Tables of Hyperonic Matter Equation of State for Core-Collapse Supernovae

TL;DR

This paper develops comprehensive equations of state including hyperons for core-collapse supernova simulations, showing how hyperons influence neutron star masses and are minimally impactful during early collapse phases.

Contribution

It introduces a new set of hyperonic EOS models based on an extended RMF framework with updated hyperon potentials, covering a wide range of conditions for supernova modeling.

Findings

Hyperons reduce maximum neutron star mass from 2.17 to 1.63 solar masses.

Hyperon effects are minimal during early supernova collapse phases.
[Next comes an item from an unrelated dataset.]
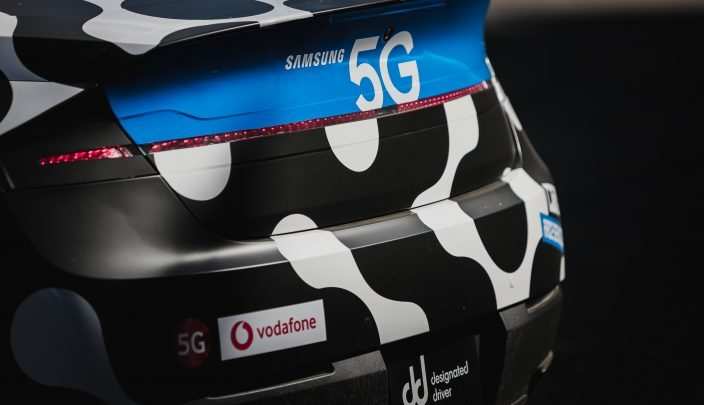 Samsung and Vodafone unveil the first remote-controlled 5G car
EOS models connect with existing nuclear matter EOS at low densities.

Abstract

We present sets of equation of state (EOS) of nuclear matter including hyperons using an SU_f(3) extended relativistic mean field (RMF) model with a wide coverage of density, temperature, and charge fraction for numerical simulations of core collapse supernovae. Coupling constants of Sigma and Xi hyperons with the sigma meson are determined to fit the hyperon potential depths in nuclear matter, U_Sigma(rho_0) ~ +30 MeV and U_Xi(rho_0) ~ -15 MeV, which are suggested from recent analyses of hyperon production reactions. At low densities, the EOS of uniform matter is connected with the EOS by Shen et al., in which formation of finite nuclei is included in the Thomas-Fermi approximation. In the present EOS, the maximum mass of neutron stars decreases from 2.17 M_sun (Ne mu) to 1.63 M_sun (NYe mu) when hyperons are included. In a spherical, adiabatic collapse of a 15$M_\odot$ star by the hydrodynamics without neutrino transfer, hyperon effects are found to be small, since the temperature and density do not reach the region of hyperon mixture, where the hyperon fraction is above 1 % (T > 40 MeV or rho_B > 0.4 fm^{-3}).